Recorded data
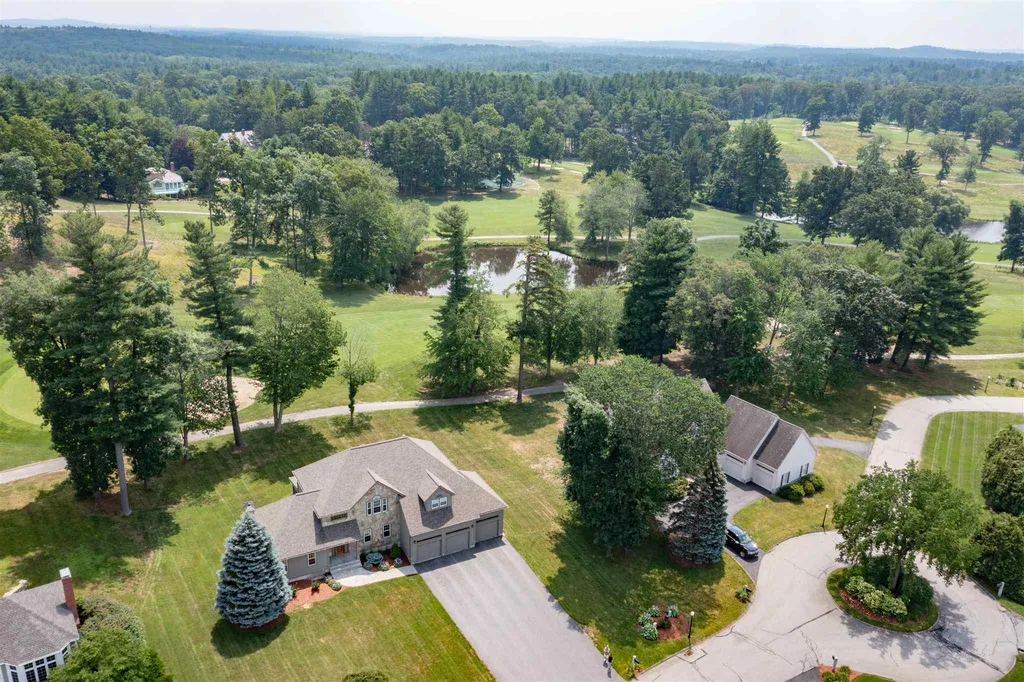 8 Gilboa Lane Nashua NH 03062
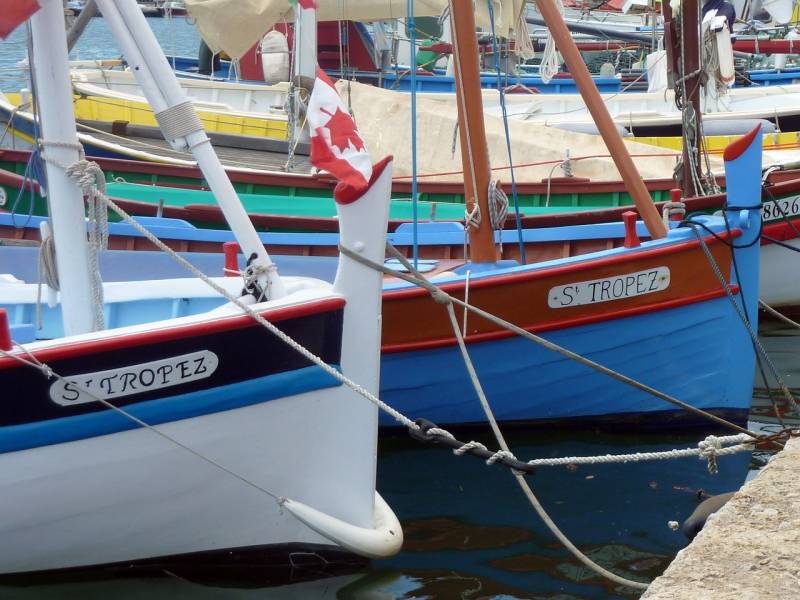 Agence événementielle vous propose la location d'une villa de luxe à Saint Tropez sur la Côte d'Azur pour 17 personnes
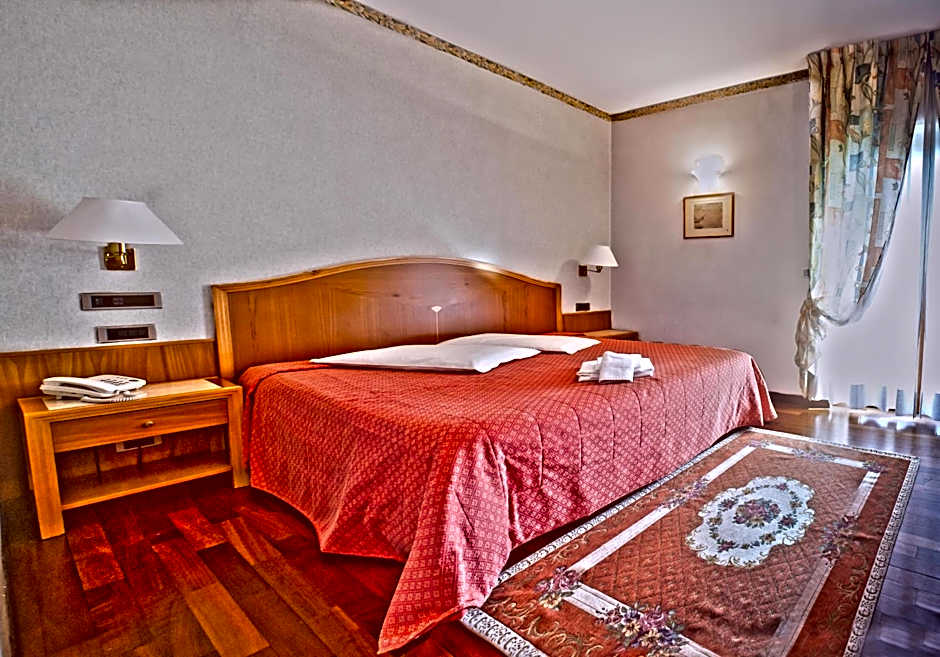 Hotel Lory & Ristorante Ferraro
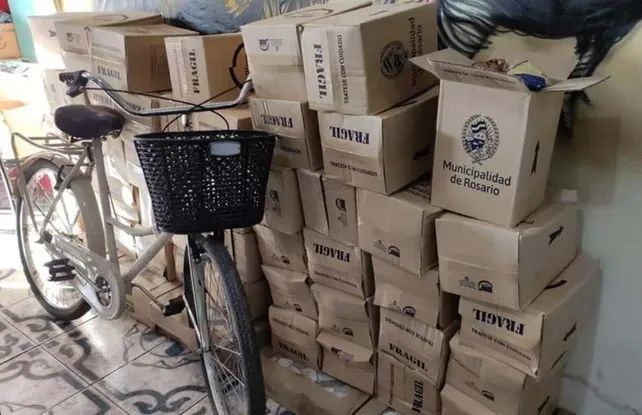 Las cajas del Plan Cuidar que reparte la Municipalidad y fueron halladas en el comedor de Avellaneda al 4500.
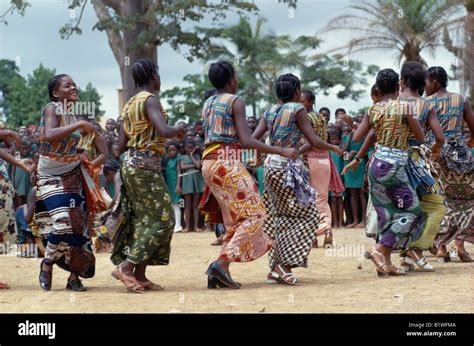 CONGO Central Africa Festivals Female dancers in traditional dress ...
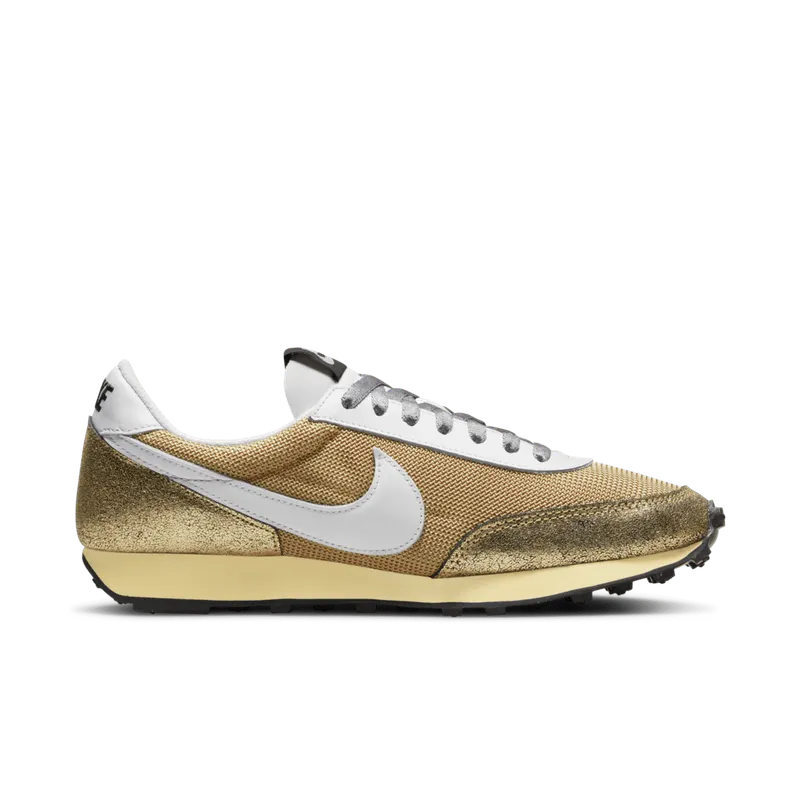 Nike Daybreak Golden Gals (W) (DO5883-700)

THE TASK: Reproduce exactly, and only, the part of the entries above that runs from the line with "Las cajas del" to the last line, both included. Pictures stay out.

RESPONSE:
 Las cajas del Plan Cuidar que reparte la Municipalidad y fueron halladas en el comedor de Avellaneda al 4500.
 CONGO Central Africa Festivals Female dancers in traditional dress ...
 Nike Daybreak Golden Gals (W) (DO5883-700)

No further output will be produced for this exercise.